The Single Euro Payment Area, or SEPA, is a payment area covering all the member states of the European Union plus Iceland, Liechtenstein, Monaco, Norway and Switzerland that allows private and corporate customers and public sector institutions to initiate and receive electronic payments in euros without differentiating between cross-border and domestic payments. This means that payments in euros to any European Union country are domestic payments in terms of speed and price, though it should be noted that when payments are made to another country, the costs of the transfer should be shared i.e. the payee and payer each pay the fees charged by their own bank. SEPA is intended to make payment solutions for all European Union residents, companies and institutions simpler, faster, safer and cheaper for consumers and companies, so all that will be needed is a bank account and payment card based in one country. This helps in promoting further European integration.
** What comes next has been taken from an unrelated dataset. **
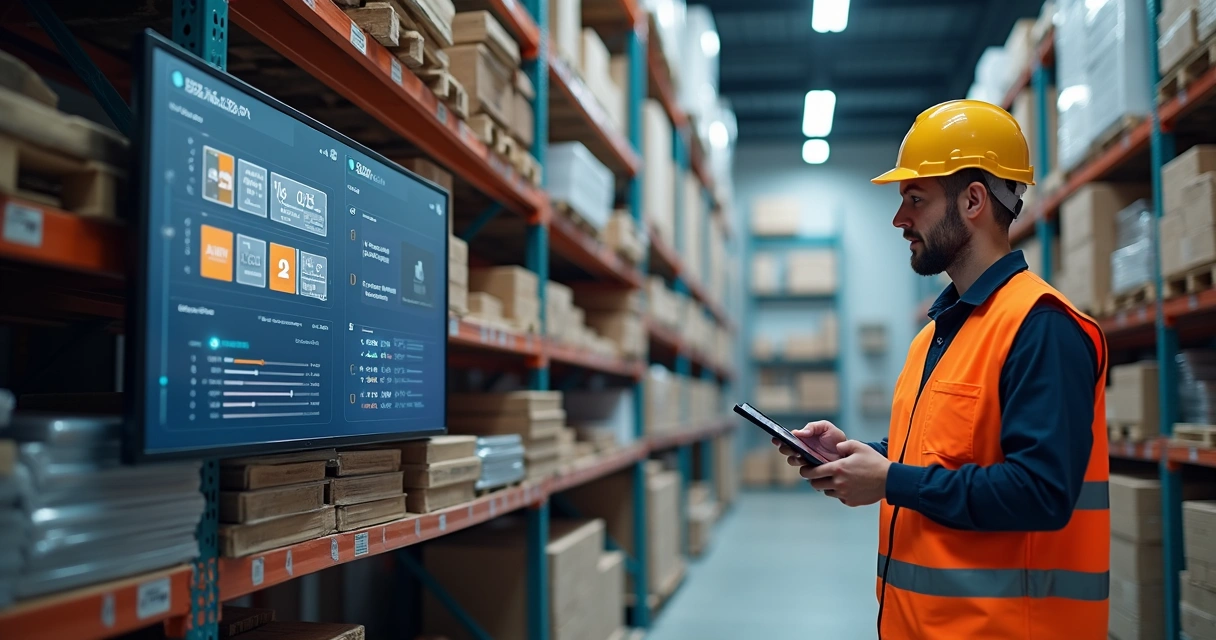 Armazém digital com materiais organizados, painel eletrônico de estoque ao fundo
SEPA and its euro payments need everyone to have the same
- legal rules
- technical standards
- payment instruments like credit transfers, direct debits and cards
- rules for the infrastructures that process payments
- business practices
The migration to SEPA has brought about several changes. Since 1 February 2014, everyone in Estonia has had to use their 20-digit international bank account number (IBAN). At the same time the domestic direct debit system has been stopped and it has been replaced by e-invoice standing orders. Large companies that make bulk payments had to update their databases and their business and accounting software to fit with the ISO 20022 XML messaging format.